[Exercise data Boundary: Start]

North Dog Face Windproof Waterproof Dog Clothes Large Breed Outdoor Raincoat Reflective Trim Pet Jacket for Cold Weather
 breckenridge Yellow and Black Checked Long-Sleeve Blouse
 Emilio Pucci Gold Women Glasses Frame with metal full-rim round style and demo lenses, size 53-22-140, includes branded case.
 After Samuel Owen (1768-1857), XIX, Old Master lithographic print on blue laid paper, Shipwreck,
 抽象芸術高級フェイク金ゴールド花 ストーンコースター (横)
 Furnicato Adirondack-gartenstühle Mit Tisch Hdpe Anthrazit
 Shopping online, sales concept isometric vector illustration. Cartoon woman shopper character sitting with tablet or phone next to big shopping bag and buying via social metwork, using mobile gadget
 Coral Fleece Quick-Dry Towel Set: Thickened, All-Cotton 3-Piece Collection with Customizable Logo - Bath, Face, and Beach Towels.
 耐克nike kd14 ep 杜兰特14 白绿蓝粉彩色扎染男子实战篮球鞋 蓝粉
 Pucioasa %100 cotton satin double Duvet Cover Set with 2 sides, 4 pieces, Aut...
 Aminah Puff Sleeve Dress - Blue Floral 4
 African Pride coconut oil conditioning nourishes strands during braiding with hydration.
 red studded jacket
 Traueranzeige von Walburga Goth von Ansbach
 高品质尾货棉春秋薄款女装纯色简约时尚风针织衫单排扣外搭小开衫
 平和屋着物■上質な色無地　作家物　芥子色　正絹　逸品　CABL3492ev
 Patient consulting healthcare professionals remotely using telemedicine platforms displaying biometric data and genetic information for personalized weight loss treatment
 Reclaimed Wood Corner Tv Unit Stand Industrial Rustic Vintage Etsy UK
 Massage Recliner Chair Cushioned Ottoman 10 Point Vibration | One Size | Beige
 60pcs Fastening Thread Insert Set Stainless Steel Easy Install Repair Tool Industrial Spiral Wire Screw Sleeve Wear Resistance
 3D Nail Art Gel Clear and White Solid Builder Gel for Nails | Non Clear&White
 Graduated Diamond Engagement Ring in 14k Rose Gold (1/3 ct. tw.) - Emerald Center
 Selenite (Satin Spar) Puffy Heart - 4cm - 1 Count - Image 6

[Exercise data Boundary: End]

*What you need to do*. Each line from the first line of the listing through the line containing "抽象芸術高級フェイク金ゴールド花 ストーンコースター (横)" must be set down exactly; no other line belongs in the answer.

*Task answer*.
North Dog Face Windproof Waterproof Dog Clothes Large Breed Outdoor Raincoat Reflective Trim Pet Jacket for Cold Weather
 breckenridge Yellow and Black Checked Long-Sleeve Blouse
 Emilio Pucci Gold Women Glasses Frame with metal full-rim round style and demo lenses, size 53-22-140, includes branded case.
 After Samuel Owen (1768-1857), XIX, Old Master lithographic print on blue laid paper, Shipwreck,
 抽象芸術高級フェイク金ゴールド花 ストーンコースター (横)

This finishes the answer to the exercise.